▶ Exercise goal: Print the records below exactly; all of them are needed.

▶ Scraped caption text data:
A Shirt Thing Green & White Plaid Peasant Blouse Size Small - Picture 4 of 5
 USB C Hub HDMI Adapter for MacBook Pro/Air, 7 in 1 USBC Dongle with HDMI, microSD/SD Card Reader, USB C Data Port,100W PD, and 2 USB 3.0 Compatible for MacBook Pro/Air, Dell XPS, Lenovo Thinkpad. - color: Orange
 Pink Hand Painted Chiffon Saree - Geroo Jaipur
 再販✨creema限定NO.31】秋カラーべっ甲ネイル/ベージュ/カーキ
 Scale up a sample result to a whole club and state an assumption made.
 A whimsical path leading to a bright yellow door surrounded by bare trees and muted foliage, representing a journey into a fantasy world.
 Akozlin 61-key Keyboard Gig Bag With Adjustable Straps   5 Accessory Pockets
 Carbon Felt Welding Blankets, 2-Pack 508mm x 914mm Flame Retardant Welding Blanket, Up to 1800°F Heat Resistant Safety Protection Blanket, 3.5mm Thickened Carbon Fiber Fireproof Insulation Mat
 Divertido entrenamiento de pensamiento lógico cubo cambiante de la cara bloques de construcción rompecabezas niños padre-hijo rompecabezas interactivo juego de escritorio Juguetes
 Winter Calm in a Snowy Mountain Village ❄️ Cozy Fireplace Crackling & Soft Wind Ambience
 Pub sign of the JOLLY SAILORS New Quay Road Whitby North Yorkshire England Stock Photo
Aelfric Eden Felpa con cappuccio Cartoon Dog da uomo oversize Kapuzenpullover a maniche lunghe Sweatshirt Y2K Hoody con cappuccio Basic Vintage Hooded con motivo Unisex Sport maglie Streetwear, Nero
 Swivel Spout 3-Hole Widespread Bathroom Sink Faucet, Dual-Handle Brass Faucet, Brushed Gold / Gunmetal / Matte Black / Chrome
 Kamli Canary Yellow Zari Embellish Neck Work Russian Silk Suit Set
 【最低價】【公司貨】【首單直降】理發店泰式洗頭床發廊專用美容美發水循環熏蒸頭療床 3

▶ The answer:
A Shirt Thing Green & White Plaid Peasant Blouse Size Small - Picture 4 of 5
 USB C Hub HDMI Adapter for MacBook Pro/Air, 7 in 1 USBC Dongle with HDMI, microSD/SD Card Reader, USB C Data Port,100W PD, and 2 USB 3.0 Compatible for MacBook Pro/Air, Dell XPS, Lenovo Thinkpad. - color: Orange
 Pink Hand Painted Chiffon Saree - Geroo Jaipur
 再販✨creema限定NO.31】秋カラーべっ甲ネイル/ベージュ/カーキ
 Scale up a sample result to a whole club and state an assumption made.
 A whimsical path leading to a bright yellow door surrounded by bare trees and muted foliage, representing a journey into a fantasy world.
 Akozlin 61-key Keyboard Gig Bag With Adjustable Straps   5 Accessory Pockets
 Carbon Felt Welding Blankets, 2-Pack 508mm x 914mm Flame Retardant Welding Blanket, Up to 1800°F Heat Resistant Safety Protection Blanket, 3.5mm Thickened Carbon Fiber Fireproof Insulation Mat
 Divertido entrenamiento de pensamiento lógico cubo cambiante de la cara bloques de construcción rompecabezas niños padre-hijo rompecabezas interactivo juego de escritorio Juguetes
 Winter Calm in a Snowy Mountain Village ❄️ Cozy Fireplace Crackling & Soft Wind Ambience
 Pub sign of the JOLLY SAILORS New Quay Road Whitby North Yorkshire England Stock Photo
Aelfric Eden Felpa con cappuccio Cartoon Dog da uomo oversize Kapuzenpullover a maniche lunghe Sweatshirt Y2K Hoody con cappuccio Basic Vintage Hooded con motivo Unisex Sport maglie Streetwear, Nero
 Swivel Spout 3-Hole Widespread Bathroom Sink Faucet, Dual-Handle Brass Faucet, Brushed Gold / Gunmetal / Matte Black / Chrome
 Kamli Canary Yellow Zari Embellish Neck Work Russian Silk Suit Set
 【最低價】【公司貨】【首單直降】理發店泰式洗頭床發廊專用美容美發水循環熏蒸頭療床 3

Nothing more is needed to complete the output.